The Darkest Evening
Date Published03 September 2020
Price£ 18.99

The Darkest Evening

by Ann Cleeves

The body of a young woman is discovered in the grounds of the Stanhope estate. The combination of the remote and snow-covered landscape, a close-knit village community and ancient family secrets leads to a classic case of love, revenge and murder.


The Darkest Evening is the latest in the Vera Stanhope series from Ann Cleeves and takes its title from Robert Frost's enigmatic poem Stopping by Woods on a Snowy Evening. This atmospheric story is full of snow, glowering skies, bleak moors and woodlands dotted with remote farmhouses. It won't disappoint Vera fans and certainly didn’t disappoint me.

Of added interest is the fact that the action centres on the Stanhope estate - the family seat where Vera's father, Hector, was an unwelcome guest as the black sheep. Here the remains of Vera's family live out a life of genteel poverty. Although presented to her colleagues as distant relatives they are in fact first cousins.

Vera is lost in the worst blizzard of the winter on her way home to her rackety farmhouse when she comes across a car abandoned in a snowdrift. And strapped into the back seat is a little boy. This leads Vera to the door of Brockburn House and her own kith and kin; her first visit since she was dragged along as child by her father on one of his 'cap in hand' visits. During this visit, while Vera takes tea in the kitchen, the body of a young woman is discovered in the snow-bound grounds.

Vera's faithful team are called out – Joe, Holly, Billy the pathologist – and the investigation begins.  A rich cast of suspects include the tenant farmers of the Stanhope estate, neighbours of the dead girl in the nearby village plus the members of the Stanhope clan at the big house. Even the young woman's own mother and father are of interest in Vera's enquiries. The Robert Frost poem talks about keeping promises and the close-knit community do indeed pull together to keep their secrets from Vera and her team – and this inevitably leads to another death.

But, as usual, although Vera looks like a bag lady, she has the sharpest of minds and she has her suspicions. I had my suspicions from about the halfway mark, but it turned out that they didn't coincide with Vera's, which is good, because I like the denouement to come as a complete surprise.

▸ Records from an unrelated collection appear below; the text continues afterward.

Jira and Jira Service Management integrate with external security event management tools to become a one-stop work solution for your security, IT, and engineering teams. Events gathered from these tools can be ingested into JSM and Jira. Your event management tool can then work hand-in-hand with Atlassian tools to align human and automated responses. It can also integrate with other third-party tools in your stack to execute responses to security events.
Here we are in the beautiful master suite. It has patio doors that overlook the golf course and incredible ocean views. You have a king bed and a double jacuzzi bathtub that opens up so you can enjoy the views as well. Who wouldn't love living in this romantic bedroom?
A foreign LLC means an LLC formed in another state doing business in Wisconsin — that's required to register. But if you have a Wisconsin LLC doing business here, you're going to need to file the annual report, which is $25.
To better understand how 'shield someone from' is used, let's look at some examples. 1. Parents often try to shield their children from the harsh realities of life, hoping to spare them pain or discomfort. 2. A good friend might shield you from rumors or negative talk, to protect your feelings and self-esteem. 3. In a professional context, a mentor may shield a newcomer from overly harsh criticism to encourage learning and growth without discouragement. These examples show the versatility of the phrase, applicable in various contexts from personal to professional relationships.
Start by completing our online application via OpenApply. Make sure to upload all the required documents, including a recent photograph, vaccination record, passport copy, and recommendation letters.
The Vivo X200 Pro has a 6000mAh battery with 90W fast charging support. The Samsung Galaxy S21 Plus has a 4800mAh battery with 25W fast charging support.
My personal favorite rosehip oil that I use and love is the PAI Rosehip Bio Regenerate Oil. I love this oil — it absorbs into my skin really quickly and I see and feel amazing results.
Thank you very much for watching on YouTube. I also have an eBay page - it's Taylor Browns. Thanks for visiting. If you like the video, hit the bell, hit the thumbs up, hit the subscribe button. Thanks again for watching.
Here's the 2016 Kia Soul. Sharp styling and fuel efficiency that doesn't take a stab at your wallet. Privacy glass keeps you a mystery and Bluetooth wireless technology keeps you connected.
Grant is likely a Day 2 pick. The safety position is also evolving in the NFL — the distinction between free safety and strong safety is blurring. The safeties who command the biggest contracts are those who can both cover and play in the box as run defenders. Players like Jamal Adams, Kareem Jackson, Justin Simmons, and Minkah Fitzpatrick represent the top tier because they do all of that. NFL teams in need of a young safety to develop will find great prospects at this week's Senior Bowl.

What I love about the Vera books is that the characters are so well drawn, the writing is nuanced and interviews conducted in farmhouse kitchens convey with the minimum of dialogue a wealth of information. Ann Cleeves is a master of her craft. I am sure that fans forgive her the occasional weakness in the plot. I was unconvinced by the idea of a young mother setting out on the darkest evening of the year, in a borrowed car with her toddler in the back and a blizzard raging.

There is also the added bonus of the developing relationships within the Vera team. Joe is still 'her boy', and he is still locking horns with his wife, Sal, over his boss’ demands. But then there is Detective Sergeant Holly, a complex young woman who resents Vera but is desperate to impress her, feelings which are to some extent reciprocated by Vera. In a very exciting climax to the case Vera is in grave danger and it is Holly (not Joe) who plays a significant role. I am interested to see how this particular pairing develops in future outings – and I hope there will be more. Vera is too great a character to be put out to grass just yet!